L'auteur en quête de son oeuvre

Gardons à l’esprit que l’héritage le plus abouti et le plus durable de la séquence livre de la grande saga de l’écrit restera l’œuvre proprement littéraire, loin de la médiatisation de leur auteur.

Lorsqu’on aime vraiment les livres, on ne peut contester la position qu’Elena Ferrante défend dans sa correspondance – récemment traduite sous le titre Frantumaglia (Gallimard, 2019) – pour se justifier de garder le secret de son identité. "Du point de vue médiatique, écrit-elle, un livre est-il avant tout le nom de celui qui l’écrit ? […] Même Tolstoï est une ombre insignifiante lorsqu’il se promène en compagnie d’Anna Karénine." De fait, L’amie prodigieuse n’a nullement besoin que l’on sache quoi que ce soit de son auteur pour nous plonger dans l’univers intensément vivant de cette nouvelle Recherche du temps perdu.
 
On nous habitue pourtant de plus en plus au schéma inverse : d’abord un auteur (ou supposé tel) – ses états d’âme, ses prises de position – ensuite, éventuellement, un "texte" comme alibi au buzz dont se régale le lecteur (ou prétendu tel). 
 
Certes, après tout, la médiatisation des auteurs ne fait que répondre au mobile de toute écriture : rejoindre une conversation sans limites dans l’espace et le temps, et, donc, finalement, communiquer avec les autres.
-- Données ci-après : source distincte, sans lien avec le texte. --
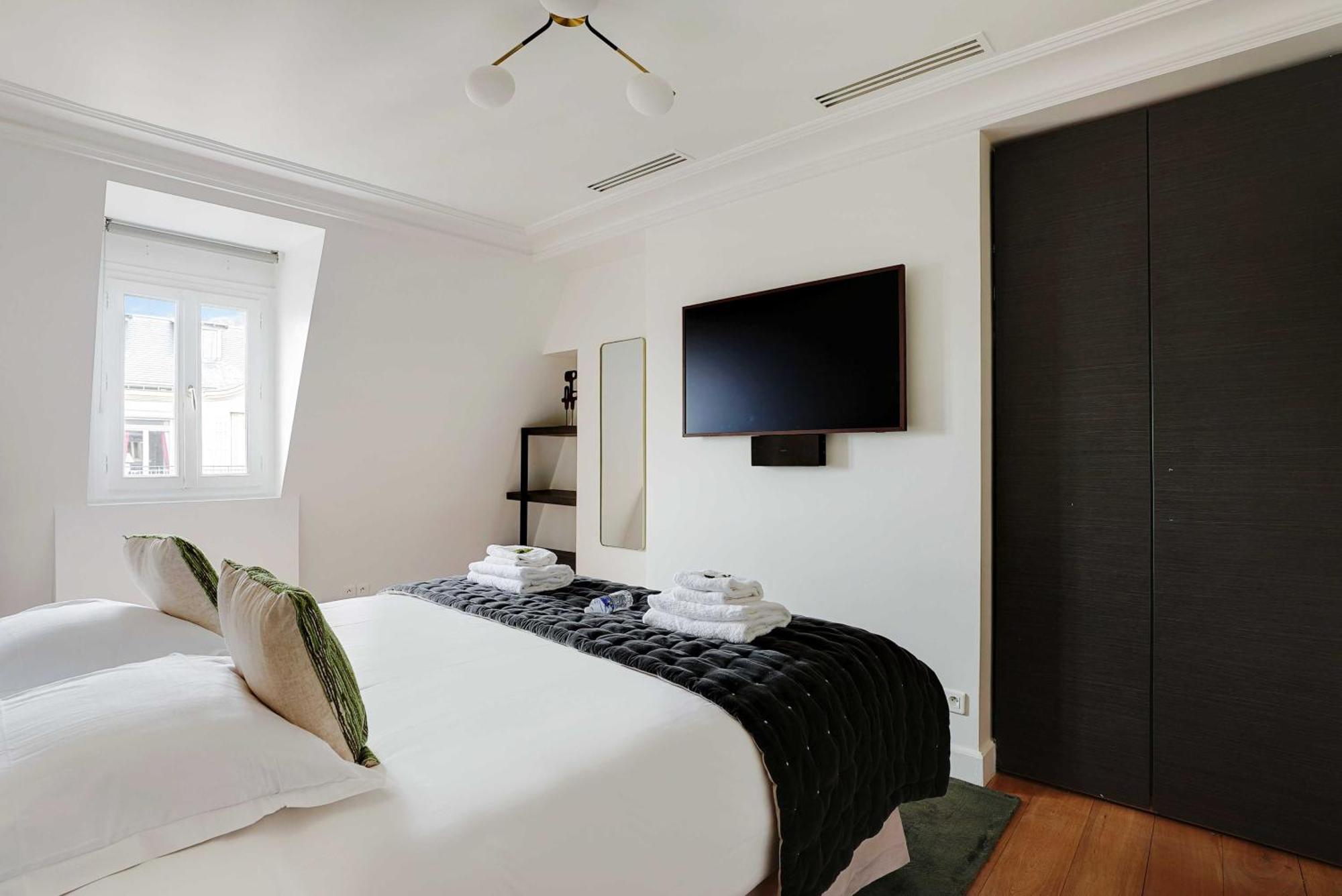 Sumptuous - 4ch-8p - Champs Elyseees Apartment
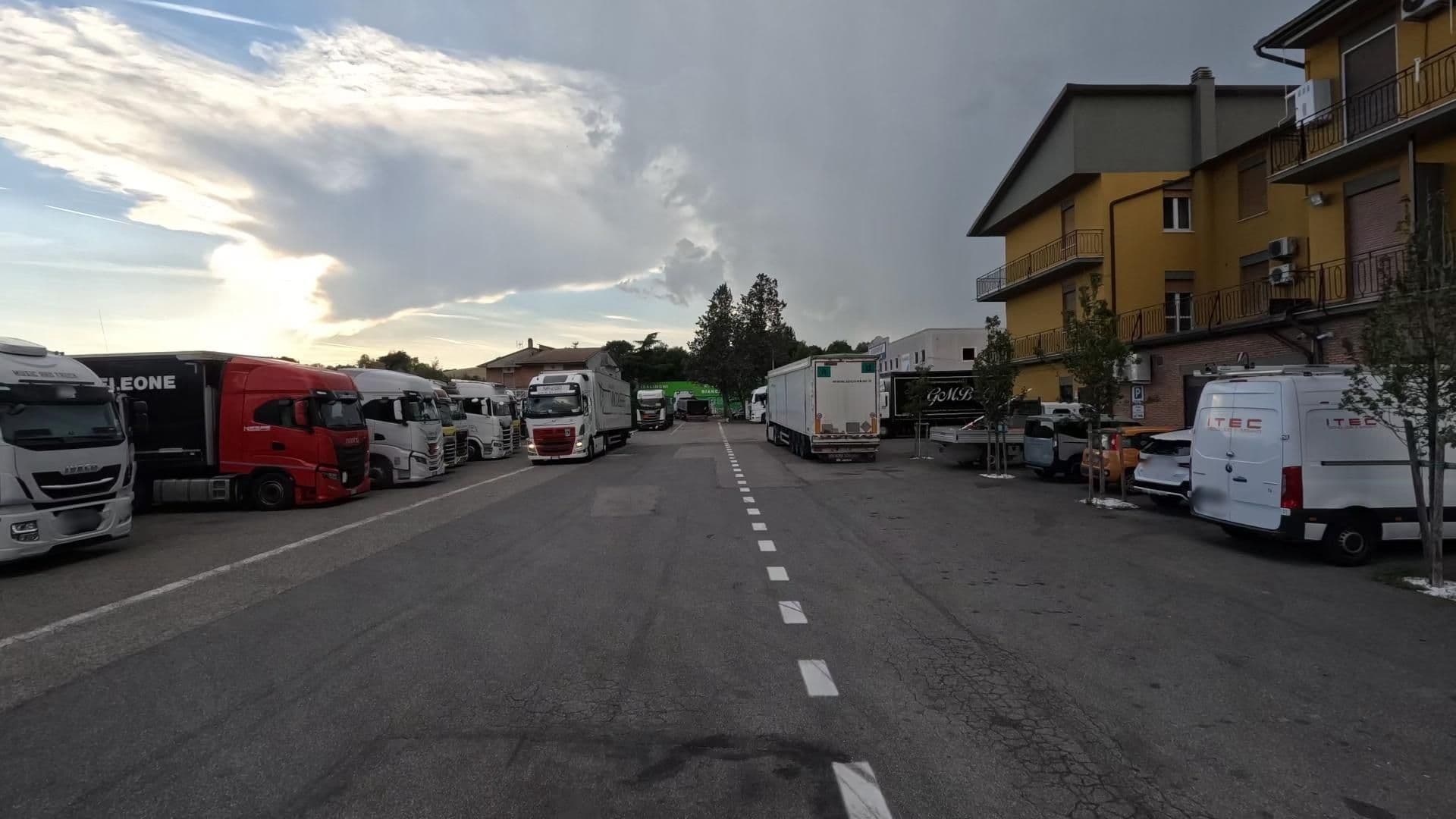 Street view near Hotel Tevere, Orte — © bct (CC BY-SA · Mapillary)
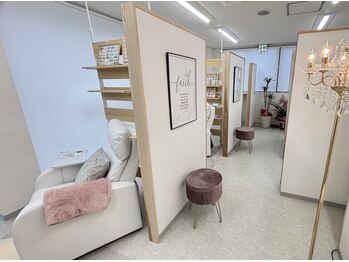 ナナズネイル 魚町店(NANA’sNail)/サロン内雰囲気
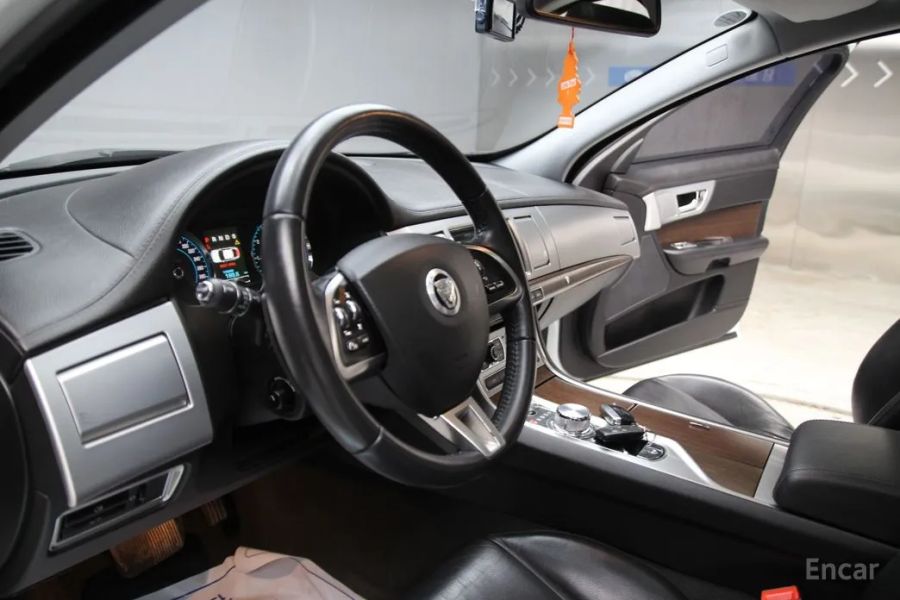 Jaguar xf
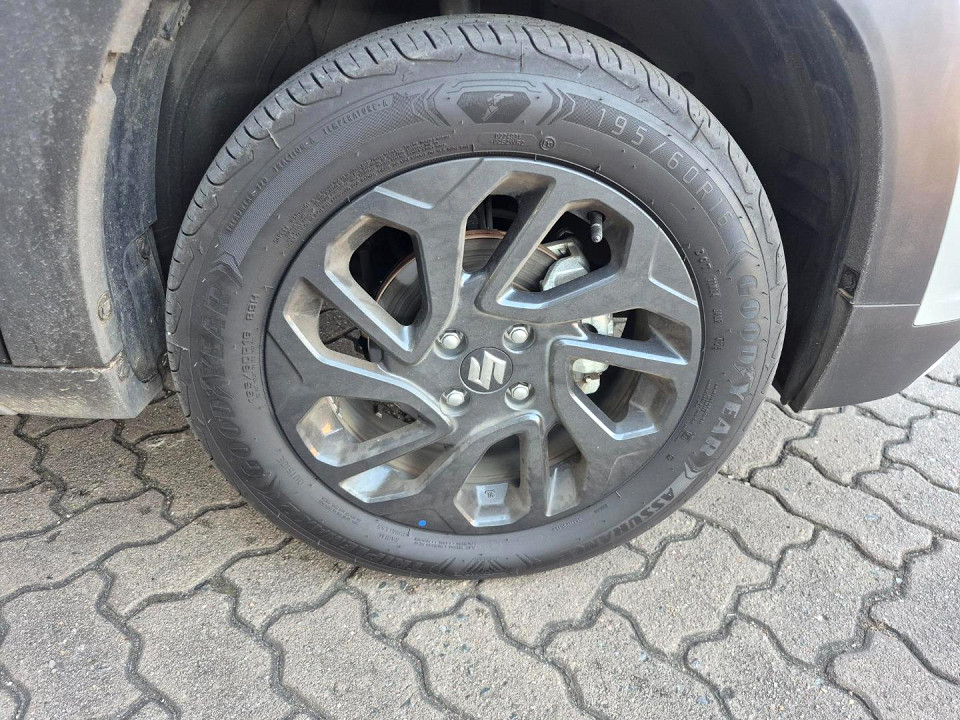 Photo 11 of 18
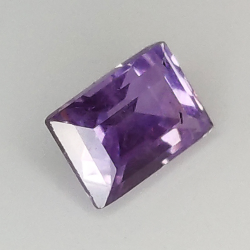 Saphir violet taille émeraude 0,80 ct 5,93 x 3,91 mm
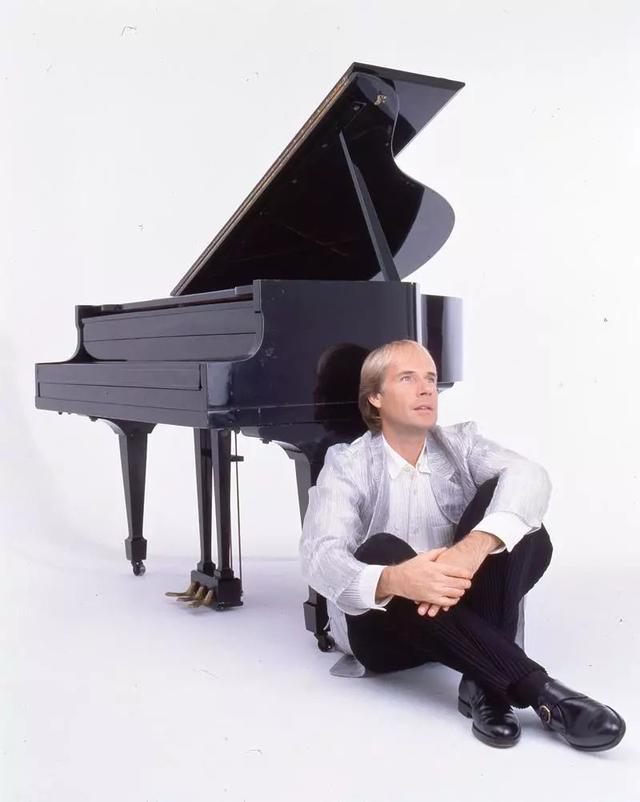 触摸心灵的温情 聆听钢琴王子理查德·克莱德曼8首经典作品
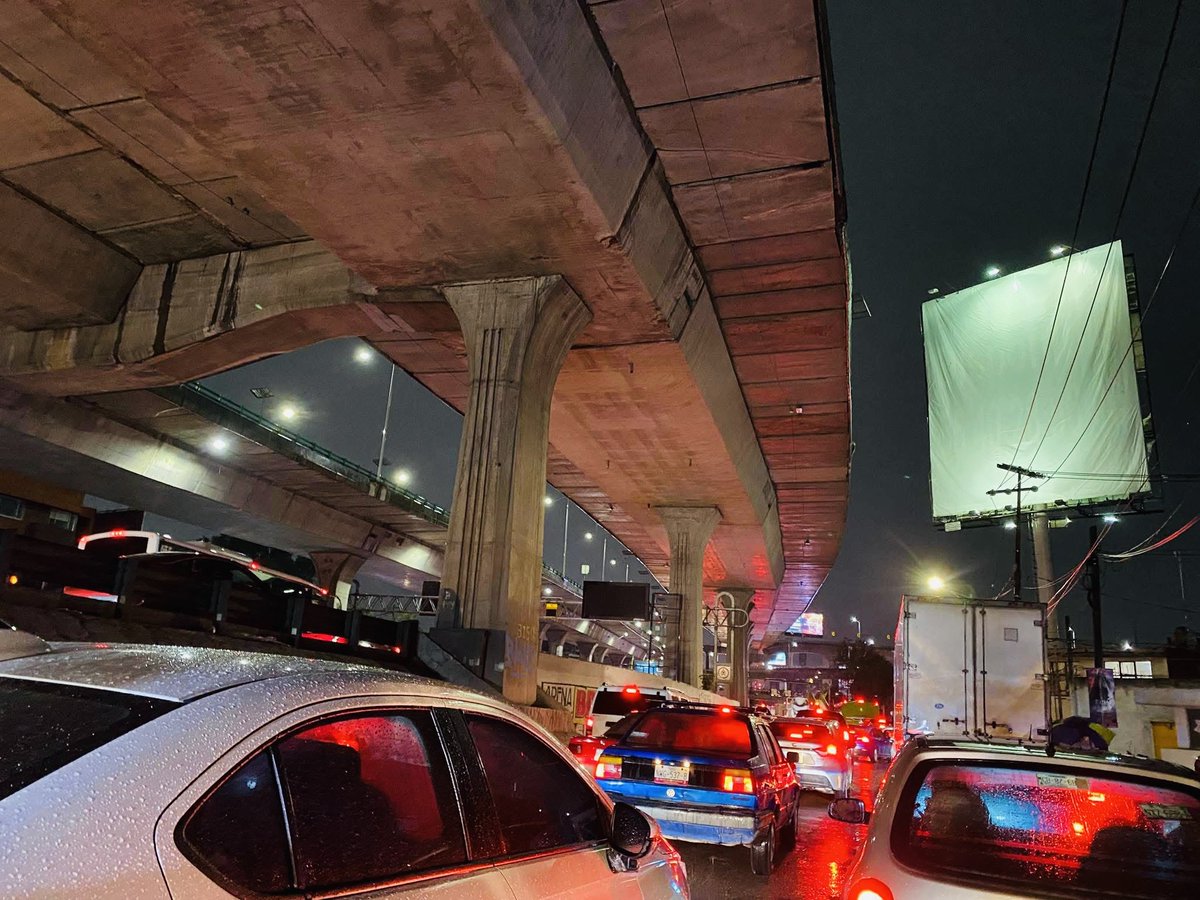 Kimberly salió a sacar copias y ya no regresó 

Colapsado Periférico a la altura de #LomasVerdes, manifestantes exigen justicia ante la desaparición de Kimberly N, desaparecida en 2 de octubre en #Naucalpan, crece el descontento social en el #Edomex ante la inseguridad.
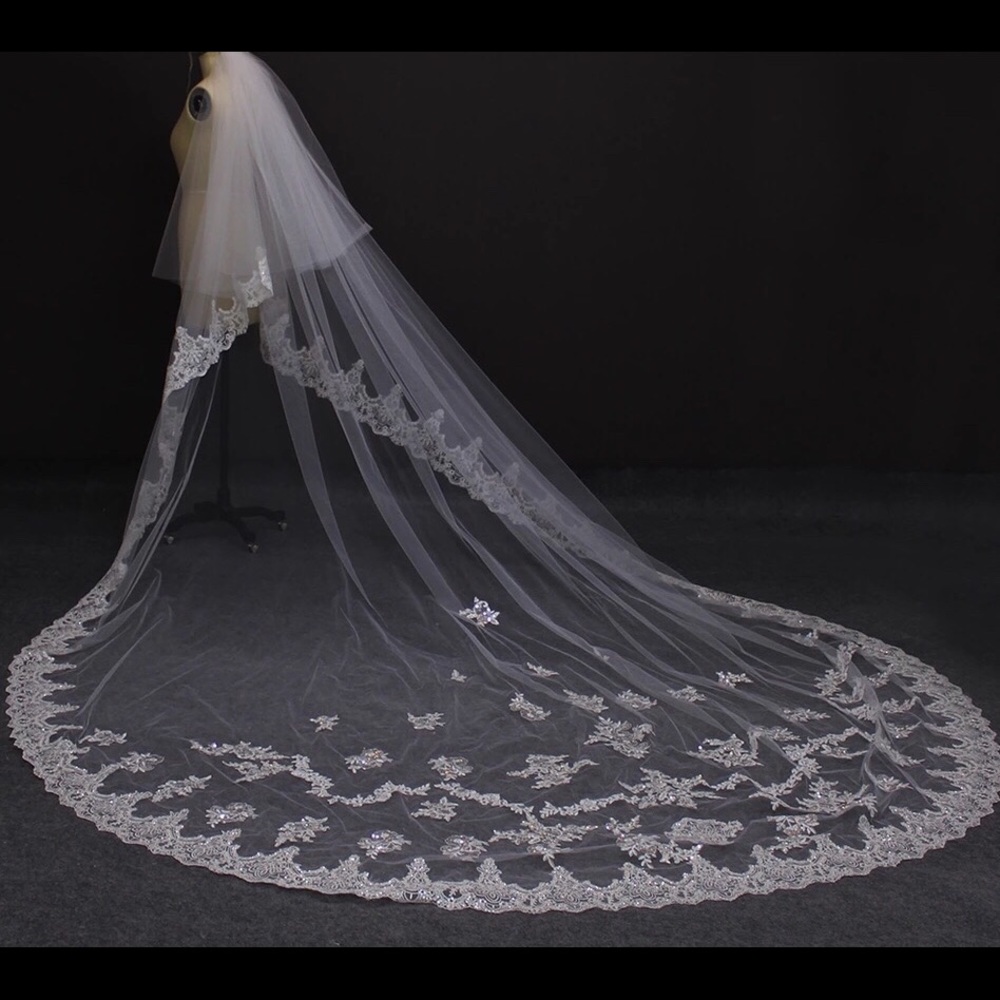 Wedding veil Ivory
Le marathon des promotions et des médiations en tous genres n’a pas seulement l’intérêt de servir l’économie du livre, il nourrit incontestablement la vie intellectuelle et sa démocratisation. On peut douter, d’ailleurs, que les perles rares sachent éclore autrement que sur fond de mondanités. La position d’Elena Ferrante pourrait donc sembler nous ramener à une vision datée, celle de Nabokov, de Michaux ou de Gracq pour qui le livre devait être le théâtre magique d’un colloque singulier avec l’œuvre ou, plus précisément, avec l’auteur en tant qu’il disparaît dans son œuvre.  
 
Cependant, force est de constater que la conversation généralisée de tous avec tous emprunte désormais bien d’autres canaux que le livre et que, dans la course à un environnement cognitif de plus en plus riche, la concurrence est rude. Aussi ne faudrait-il pas oublier ce que le livre a produit de vraiment singulier, parmi bien d’autres effets repris par le numérique, et qu’aucune autre forme d’écrit ne peut remplacer. Tout en jouant résolument la carte du cyberespace, nous devons garder à l’esprit que l’héritage le plus abouti et le plus durable de la séquence livre de la grande saga de l’écrit restera l’œuvre proprement littéraire. Il n’y a qu’elle qui pourra sauvegarder l’aura du livre jusque dans ses formes les plus triviales et malgré le succès des autres modes d’expression. 
 
Il ne s’agit pas pour autant de prétendre qu’il n’y aurait pas de salut en dehors de la voie extrême empruntée par Elena Ferrante – celle du texte qui se suffit à lui-même parce que l’auteur s’y confond tout entier. Mais ce genre d’exigence doit absolument être maintenu comme le point limite à la lumière duquel on peut juger le reste et voir tant d’auteurs braver le brouhaha à la quête d’une œuvre.